# 🛠️ Data Wrangling

This notebook provides **code templates and checklists** for **cleaning, transforming, and preparing data** for analysis or machine learning.

### 🔹 What’s Covered:
- Handling missing values
- Removing duplicates
- Transforming and reshaping data
- Handling outliers
- Ensuring data consistency


In [None]:

# Ensure required libraries are installed (Uncomment if necessary)
# !pip install pandas numpy



## 🚫 Handling Missing Values

✅ Identify missing values in a dataset.  
✅ Decide whether to **drop** or **fill** missing values.  
✅ Use appropriate strategies (mean, median, forward fill, etc.).  


In [None]:

import pandas as pd
import numpy as np

# Sample dataset with missing values
df = pd.DataFrame({
    'A': [1, 2, np.nan, 4, 5],
    'B': [3, np.nan, np.nan, 8, 10],
    'C': ['a', 'b', 'c', None, 'e']
})

# Check for missing values
print(df.isnull().sum())

# Fill missing values (Example: Fill numeric columns with mean)
df['A'].fillna(df['A'].mean(), inplace=True)

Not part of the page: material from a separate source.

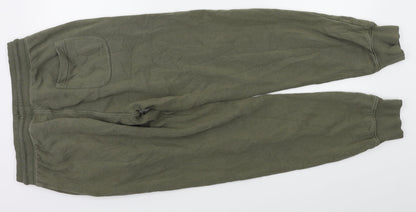 Back view of Next men’s gold jegging trousers, size S, 27-inch leg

# Drop rows where all values are missing
df.dropna(how='all', inplace=True)

print(df)



## 🗑️ Removing Duplicates

✅ Identify duplicate rows.  
✅ Decide whether to keep the **first**, **last**, or remove **all** duplicates.  
✅ Use domain knowledge to determine which columns should be unique.  


In [None]:

# Create sample dataset with duplicates
df = pd.DataFrame({
    'ID': [1, 2, 2, 3, 4, 4],
    'Value': [100, 200, 200, 300, 400, 400]
})

# Identify duplicate rows
print(df.duplicated())

# Remove duplicate rows (keeping the first occurrence)
df.drop_duplicates(inplace=True)

print(df)



## 🔄 Transforming & Reshaping Data

✅ Convert data types where necessary (e.g., `object` to `datetime`).  
✅ Reshape data using **pivot tables** or **melt** functions.  
✅ Normalize text values (lowercasing, trimming spaces).  


In [None]:

# Convert a string column to datetime format
df['Date'] = pd.to_datetime(df['Date'], errors='coerce')

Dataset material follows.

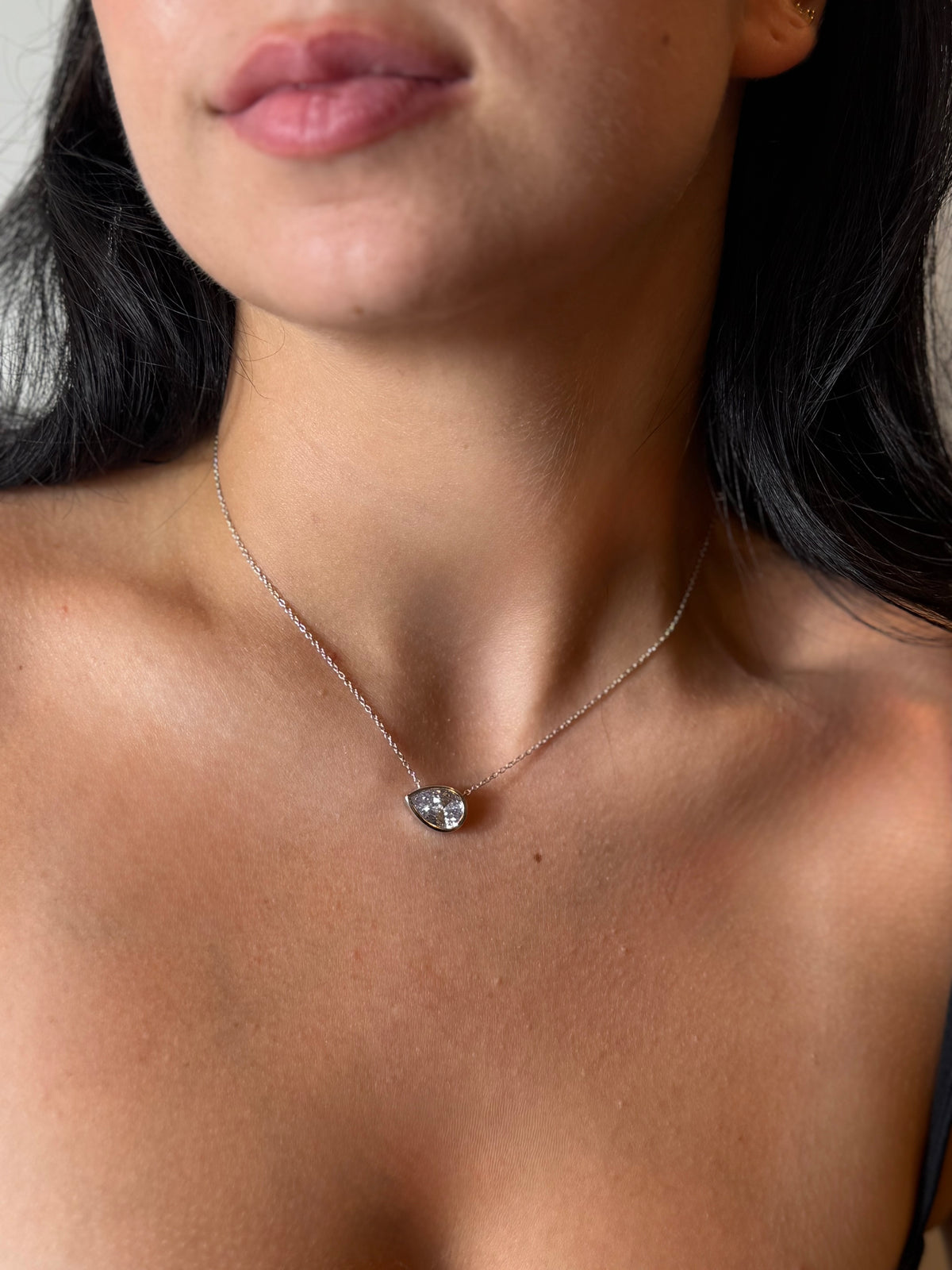 Sterling silver bezel set pear shape CZ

# Reshape data using pivot tables
pivot_df = df.pivot_table(index='Category', values='Sales', aggfunc='sum')

# Normalize text values
df['Category'] = df['Category'].str.lower().str.strip()

print(pivot_df.head())



## 🚨 Handling Outliers

✅ Use the **interquartile range (IQR) method** to detect outliers.  
✅ Remove or transform extreme values.  
✅ Consider **log transformation** or **clipping**.  


In [None]:

# Example: Detecting outliers using IQR
Q1 = df['Value'].quantile(0.25)
Q3 = df['Value'].quantile(0.75)
IQR = Q3 - Q1

# Define lower and upper bounds for outliers
lower_bound = Q1 - 1.5 * IQR
upper_bound = Q3 + 1.5 * IQR

# Remove outliers
df = df[(df['Value'] >= lower_bound) & (df['Value'] <= upper_bound)]
print(df)



## ✅ Best Practices & Common Pitfalls

- **Check for missing values before modeling**: Models often don’t handle NaNs well.  
- **Drop columns wisely**: Don't remove features without understanding their importance.  
- **Watch for data leakage**: Ensure transformations use only training data during ML preprocessing.  
- **Keep a backup**: Never modify raw data directly—always create a copy before transformation.